Some countries are pushing to toughen up the statement to bring it in line with last week s joint declaration by Britain, France, Germany and the US pointing the finger at Russia.

But a dissenting rump including Greece, Italy, Cyprus and Austria, keen to preserve their good relations with Moscow, has pushed for the watered-down version, which says only that the EU takes "extremely seriously" London s view that Moscow was to blame.

Greek Prime Minister Alexis Tsipras urged caution in the response over Salisbury, saying "we have to be very responsible".

Other leaders including Bulgarian Prime Minister Boyko Borisov and Luxembourg Prime Minister Xavier Bettel said they needed to see more evidence.

In Britain, a court gave permission to take blood samples from Skripal and his daughter -- who are in a coma in a critical but stable condition -- for testing by the world chemical weapons body, which is probing the incident.

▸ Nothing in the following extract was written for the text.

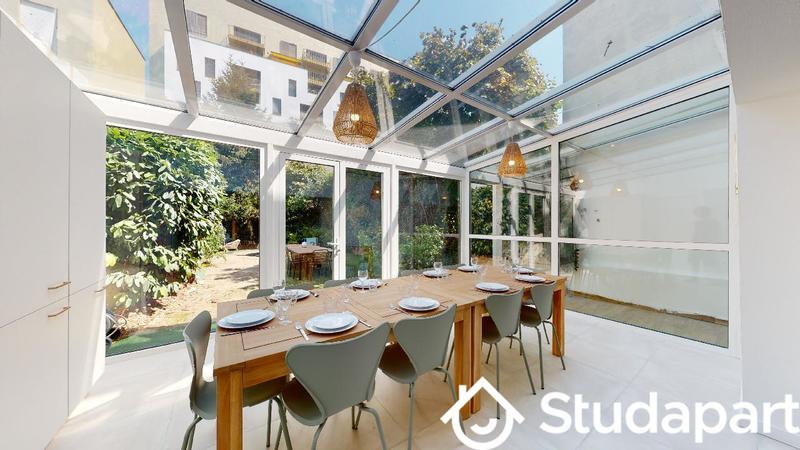 Chambre - 9 m² - 1 pièce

The poisoning comes with worries running high across Europe about Russian meddling -- from repeated cyber attacks to what the EU has called an "orchestrated strategy" of disinformation aimed at destabilising the bloc.

Aside from Salisbury, the two-day summit will also discuss news from Washington that Europe would be excluded for now from President Donald Trump s new US tariffs on steel and aluminium imports.

The leaders will also discuss the scandal over harvested data from Facebook used by a British consulting firm employed by Trump s 2016 campaign team, linking the issue to election meddling.

May will depart the summit on Thursday evening, leaving the remaining 27 on Friday to approve a post-Brexit transition period and adopt guidelines for talks on future relations including a trade deal.